Uparkot Fort, Junagadh

Source: https://merwynsrucksack.blogspot.com/2017/10/uparkot-fort-in-junagadh-in-gujarat.html?m=0

In the city of Junagadh, on the foothills of the Girnar mountain ranges stands a tall fort from centuries ago, Uparkot Fort. The name of the monumental structure literally translates into the upper citadel. While the fort premises have remnants dating back to 2,300 years ago, the area also houses caves some of which can go as far back as o the period between the 1st – 4th centuries AD! A popular attraction of the fort is in its history. It has been told through the course of time that the fort was actually besieged a whooping 16 times but it continues to stand mightily till the present day. Amongst these the most mind boggling one is certainly that of a 12 years long onslaught. Yes, one that lasted for a dozen years! Such trials and tribulations have caused it ruin and loss but the frayed structure did not fail. Within the fort is a mosque that was converted out of a former palace. The mosque named Jama Masjid also fell prey to the political battles and today it stands as a single tower. But this remnant of the disused mosque is eagerly avoided after the Sun has set in Junagadh. Why? Well, the locals believe the land surrounding the masjid to be haunted. They have reported hearing eerie sounds in that area and have also mentioned instances of paranormal activity occurring here. Once a rare roofed courtyard adorned with domes and octagonal openings is now tiptoed around by the inhabitants of today who find the unexplainable around it to be a cause of fearing it.
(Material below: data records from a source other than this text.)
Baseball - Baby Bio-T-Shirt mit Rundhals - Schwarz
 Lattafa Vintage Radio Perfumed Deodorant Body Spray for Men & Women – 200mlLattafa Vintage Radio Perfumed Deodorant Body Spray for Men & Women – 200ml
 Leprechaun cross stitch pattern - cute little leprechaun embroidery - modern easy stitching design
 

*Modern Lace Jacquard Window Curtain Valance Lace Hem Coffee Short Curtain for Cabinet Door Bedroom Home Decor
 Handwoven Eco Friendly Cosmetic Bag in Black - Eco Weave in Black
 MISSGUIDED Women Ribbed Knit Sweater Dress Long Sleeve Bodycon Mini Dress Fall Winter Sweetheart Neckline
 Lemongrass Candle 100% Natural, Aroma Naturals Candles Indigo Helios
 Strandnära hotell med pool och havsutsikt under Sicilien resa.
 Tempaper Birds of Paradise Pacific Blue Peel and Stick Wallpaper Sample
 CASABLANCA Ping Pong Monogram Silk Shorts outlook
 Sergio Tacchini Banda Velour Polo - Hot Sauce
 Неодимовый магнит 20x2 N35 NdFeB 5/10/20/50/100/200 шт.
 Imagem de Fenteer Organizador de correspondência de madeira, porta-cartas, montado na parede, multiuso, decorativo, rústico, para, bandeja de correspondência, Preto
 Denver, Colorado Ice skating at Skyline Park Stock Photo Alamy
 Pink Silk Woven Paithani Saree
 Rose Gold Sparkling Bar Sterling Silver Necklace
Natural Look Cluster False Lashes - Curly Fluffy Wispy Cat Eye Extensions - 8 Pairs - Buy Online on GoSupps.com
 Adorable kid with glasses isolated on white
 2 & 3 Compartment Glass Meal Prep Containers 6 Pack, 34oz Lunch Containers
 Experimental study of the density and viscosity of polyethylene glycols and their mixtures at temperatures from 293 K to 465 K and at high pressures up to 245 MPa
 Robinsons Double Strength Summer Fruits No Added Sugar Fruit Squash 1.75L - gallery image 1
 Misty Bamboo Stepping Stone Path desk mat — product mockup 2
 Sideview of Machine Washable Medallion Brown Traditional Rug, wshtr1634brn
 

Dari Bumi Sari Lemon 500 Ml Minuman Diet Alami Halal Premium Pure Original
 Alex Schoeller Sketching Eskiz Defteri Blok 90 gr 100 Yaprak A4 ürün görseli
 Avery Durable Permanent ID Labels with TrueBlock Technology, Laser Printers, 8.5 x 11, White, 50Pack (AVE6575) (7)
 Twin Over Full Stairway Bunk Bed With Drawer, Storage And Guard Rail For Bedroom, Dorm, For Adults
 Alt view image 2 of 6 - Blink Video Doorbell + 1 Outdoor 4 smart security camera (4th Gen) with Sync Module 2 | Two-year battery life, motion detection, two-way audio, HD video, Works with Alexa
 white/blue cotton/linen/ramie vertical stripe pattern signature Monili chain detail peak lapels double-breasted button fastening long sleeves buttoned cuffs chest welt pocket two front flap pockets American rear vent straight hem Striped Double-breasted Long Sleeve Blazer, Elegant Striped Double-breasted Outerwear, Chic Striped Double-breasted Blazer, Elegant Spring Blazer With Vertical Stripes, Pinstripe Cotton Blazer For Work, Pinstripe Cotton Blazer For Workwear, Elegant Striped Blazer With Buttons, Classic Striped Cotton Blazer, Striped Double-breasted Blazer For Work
Feroz Shah Kotla, New Delhi

feroz shah kotla
Source: https://lbb.in/delhi/chasing-djinns-firoz-shah-kotla

Built by Sultan Feroz Shah Tughlaq in the year 1354, this fort is marked as one of the oldest structures in the capital of our country. It is a symbol of the presence of the Tughlaq Dynasty in Delhi. With close proximity to the water, this complex was built in order to resolve the problems of a water crisis. But ladies and gentlemen, I now want you to brace yourself for the “kahaani mein twist”. Yes, it is believed that Feroz Shah Kotla is home to spirits. However, these spirits are actually revered and not necessarily feared. Um before you start picturing “Casper the Friendly Ghost” floating about between the walls of this fort, let me tell you that we are talking about djinns. These supernatural spirits are recorded in both, positive as well as negative light. They are believed to have come into existence through a smokeless fire. The mosque inside the fort is barely standing yet believers flock to it to pray to the djinns. They are prayed to not in the form of idols but simply as paintings made on the broken walls. Those who kneel down in prayer come offering milk and flowers to the supposed genies. The belief has gone as far as people bringing individuals here whom they thought to be under the influence or control of evil spirits. Thereafter, exorcisms have actually been performed here in the belief that the djinns if appeased will help one free a person of evil presence! The fort sees believers and sceptics all visit it in equal proportions, some coming with hope, others with questions. As for me, I cannot comment on the reality of this presence but I quite like how suddenly the age-old narrative of spirits doing wrongdoings got a positive spin here, suggesting that no matter what the species, we cannot write it off as completely evil.

So, tell me do you believe in spirits? Do you believe that there are supernatural beings living amongst us? Do you believe a place can be haunted? And if yes, are you game to visit it?